The discovery and subsequent study of detrital zircon crystals from the Jack Hills Formation of Western Australia is recasting our concept of the Primitive Earth. It has changed from “hell-like” (Cloud, 1972, Am. Jour. Sci, 272, p. 537) to “A Cool Early Earth” (Valley et al., 2002, Geology, 30, p. 351). The Giant Impact Model for the origin of the Moon and the Earth-Moon System is more consistent with the “hell-like” model. The purpose of this paper is to present a Tidal Capture Model that is compatible with the concept of “A Cool Early Earth”.

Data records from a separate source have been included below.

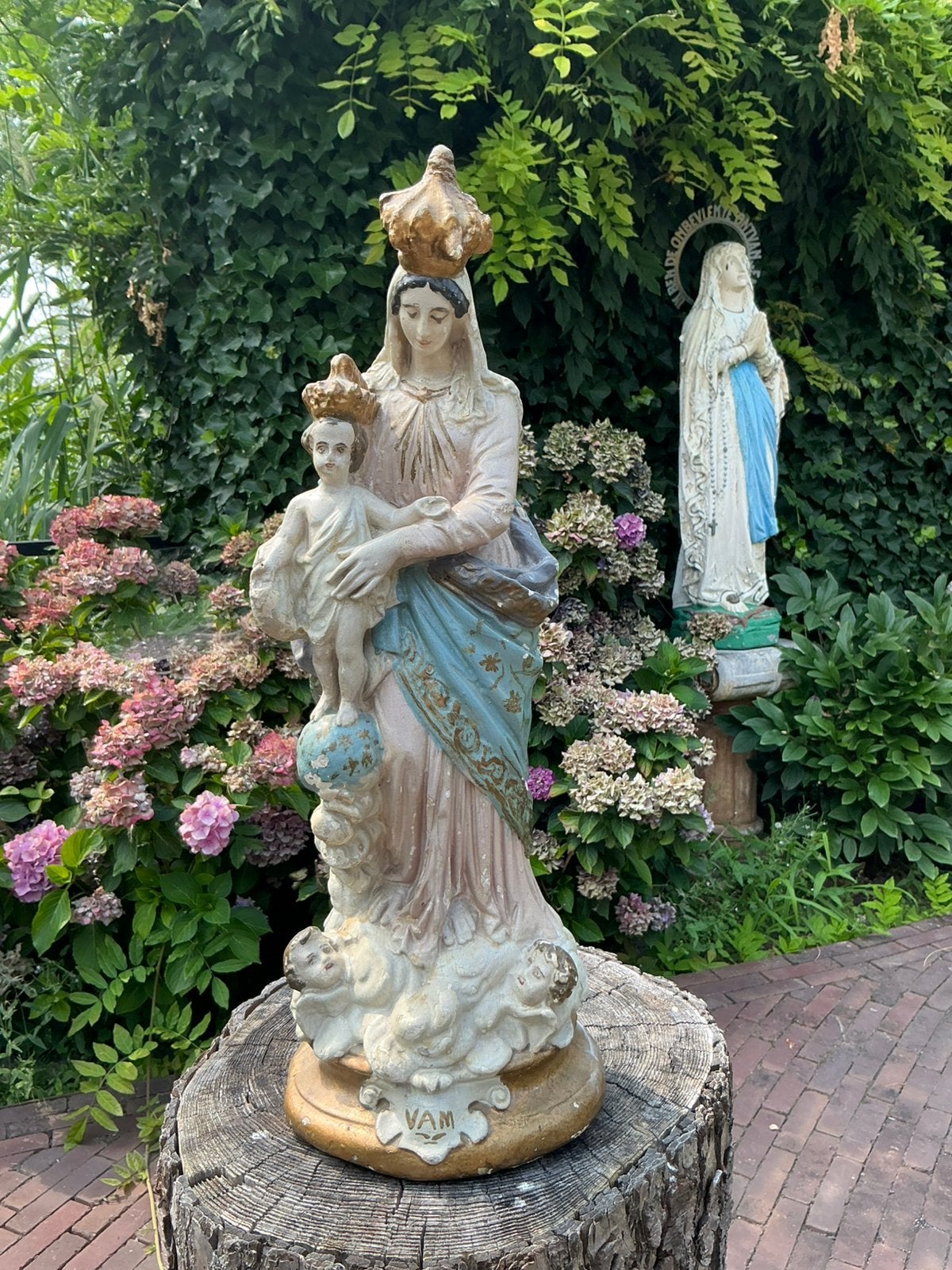 Antiek Gipsen Mariabeeld ❤️ Maria met Kind en Engeltjes, Ophalen of Verzenden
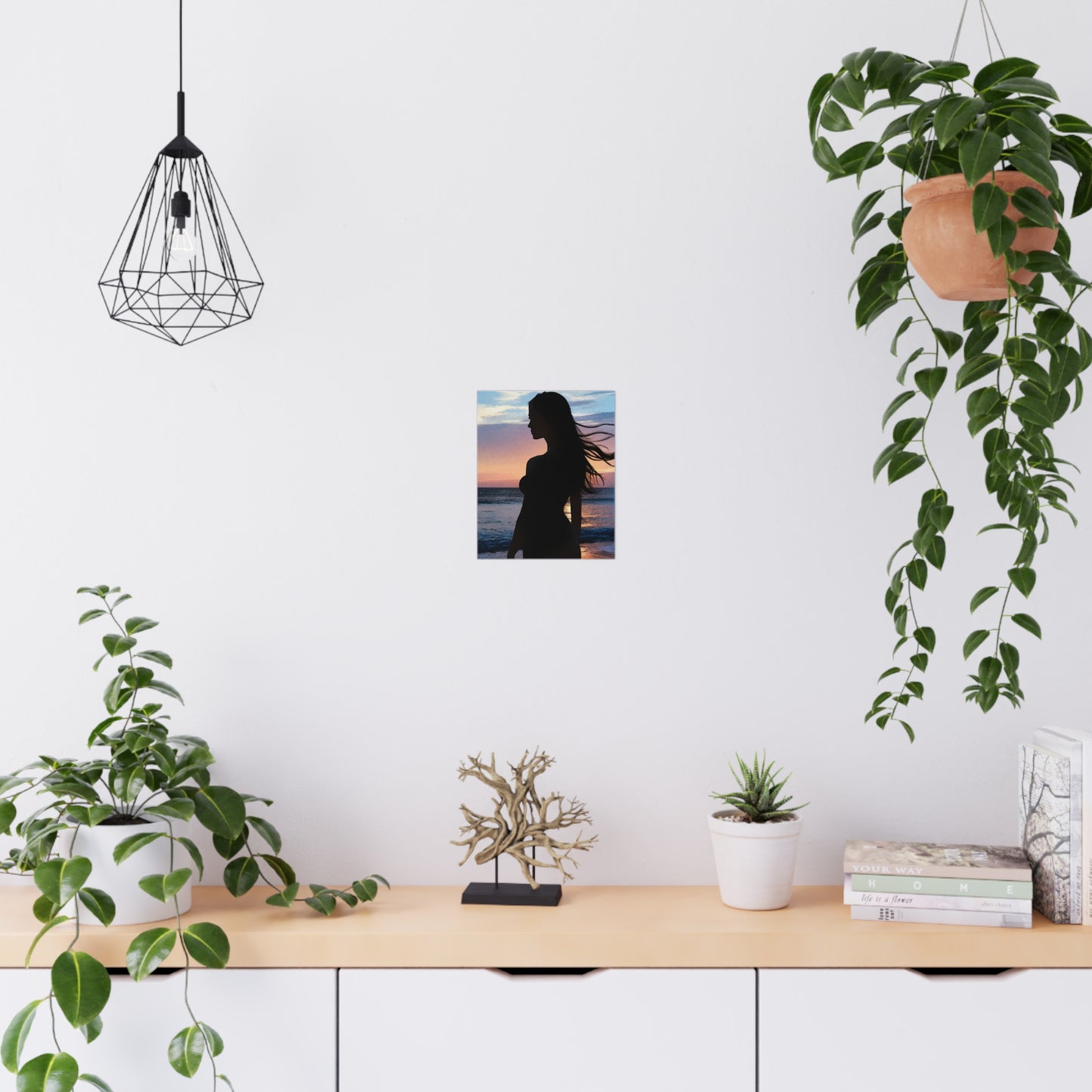 Whispers of the Horizon – Serene Silhouette at Sunset Capturing Peace, Beauty, and Timeless Grace - Silhouette Beach Matte Poster, Wall Art, Home Decor, Aesthetic Print, Artistic Decoration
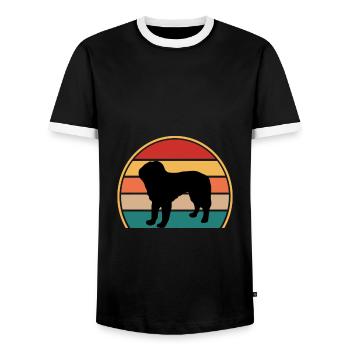 Bosnische grobhaariger Jagdhund Silhouette Retro - Männer Kontrast-T-Shirt - Schwarz/Weiß - Vorne - AI Model Female 172 light (172cm) & AI Model Male 178 light (178cm)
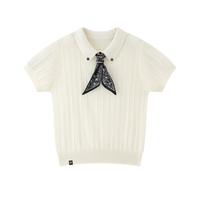 I.T UDG 女士夏季翻领丝巾短袖针织衫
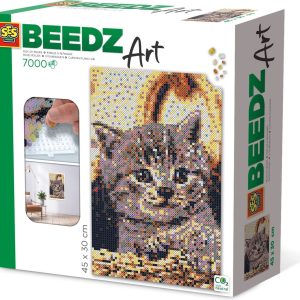SES Beedz Art – Poes – Kat – 7000 strijkkralen – kunstwerk van strijkkralen – complete set inclusief grondplaten en strijkvel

This version of a Tidal Capture Model (Malcuit et al., 1992, Proc. Vol., 3rd Archean Symp., p. 223) features capture of a lunar-sized body at about 3.95 Ga. Before the capture episode there was NO MOON. Assumptions for the model are that the earth accreted from meteoritic debris, underwent core formation and magma ocean development early in earth history (Harrison, 2009, Ann. Rev. Earth Planet. Sci., p. 479). A chill crust developed as the magma ocean crystallized. Water vapor condensed eventually to form primitive oceans as the earth continued to cool. Occasional impacts would disturb this scene locally.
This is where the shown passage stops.